Dynamic Design of a Novel High-Speed Piezoelectric Flow Control Valve Based on Compliant Mechanism

Abstract

Piezoelectric actuators are particularly interesting in high-speed precision flow control valves due to their fast dynamic response and simple structure. However, concurrently improving the dynamic bandwidth and flow rate has been a challenging issue. In this article, a novel two-stage flow control valve driven by amplified piezoelectric actuator is proposed, fabricated, and tested with the step response time of 5 ms, flow rate of 70 L/min, and the dynamic bandwidth of 155 Hz at the supply pressure of 30 bar. An improved rhombus-type compliant mechanism with double output ports is proposed to amplify the microstroke of piezostacks with a relatively high resonance frequency.
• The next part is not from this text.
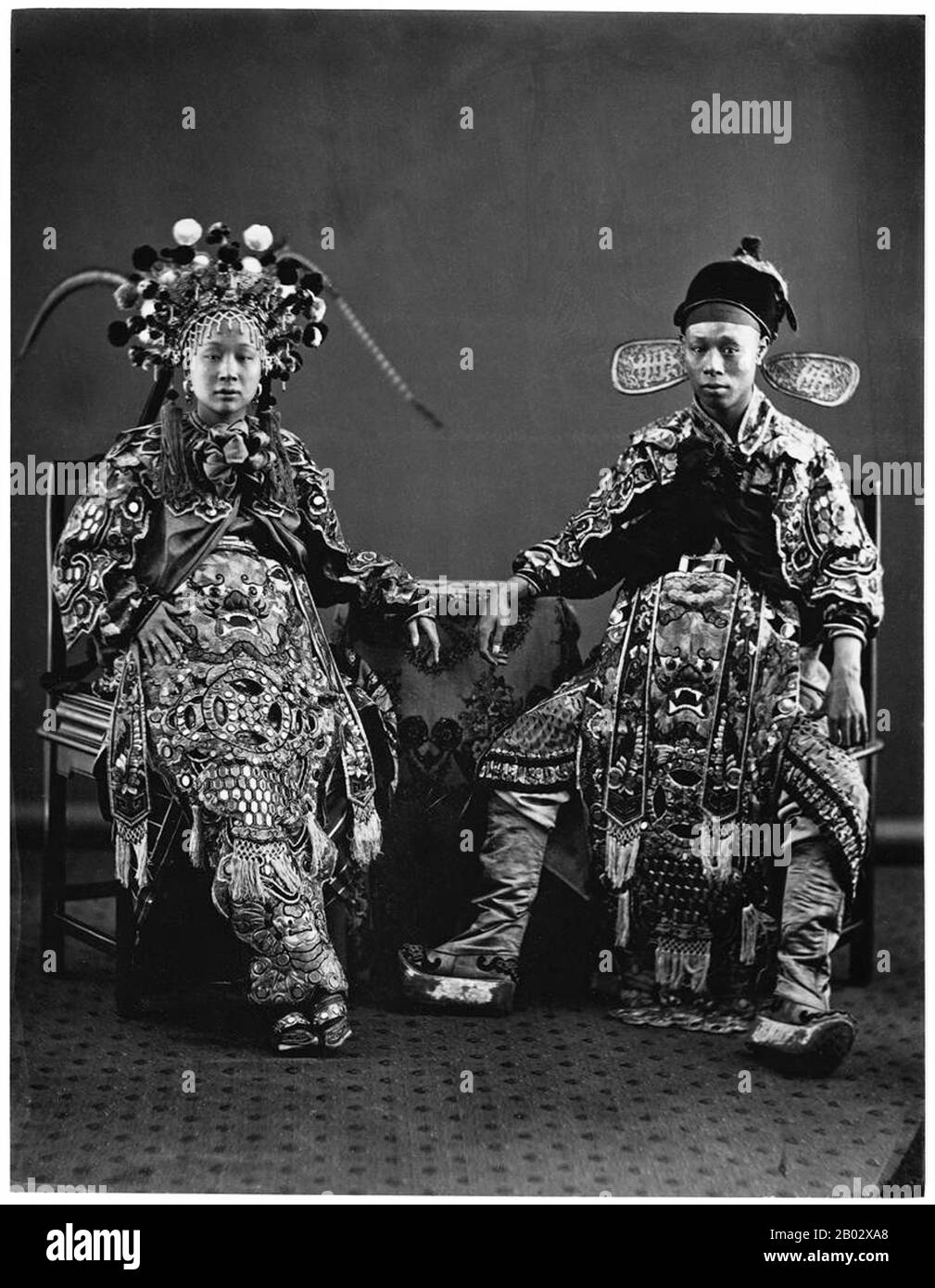 John Thomson (* 14. Juni 1837 in Schottland; † 29. September 1921) war ein bahnbrechender schottischer Fotograf, Geograph und Reisender. Er war einer der ersten Fotografen, die in den Fernen Osten reisten und dabei Menschen, Landschaften und Artefakte der östlichen Kulturen dokumentierten. Thomsons Reisen in China waren oft perilös, da er abgelegene, fast unbewohnte Regionen weit im Landesinneren besuchte. Die meisten Menschen, denen er begegnete, hatten zuvor noch nie einen Westler oder eine Kamera gesehen. Besonders herausfordernd waren auch seine Expeditionen, weil er seine sperrige Holzkamera, viele große, zerbrechliche Glasplatten und potenziell explosive transportieren musste Stockfoto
Two pilot sliding spools are differentially actuated moving the main spool back and forth, modulating the flow rate and direction. The coupling dynamics of the piezohydraulic valve is also formulated on the Laplace domain with the concept of two-port dynamic stiffness model and control theory. The influence of key structural parameters on the flow characteristics is analytically calculated, and the optimal static and dynamic performances are obtained. The theoretical prediction is in reasonable agreement with the experimental results in the closed-loop control, proving that the operational concept is viable.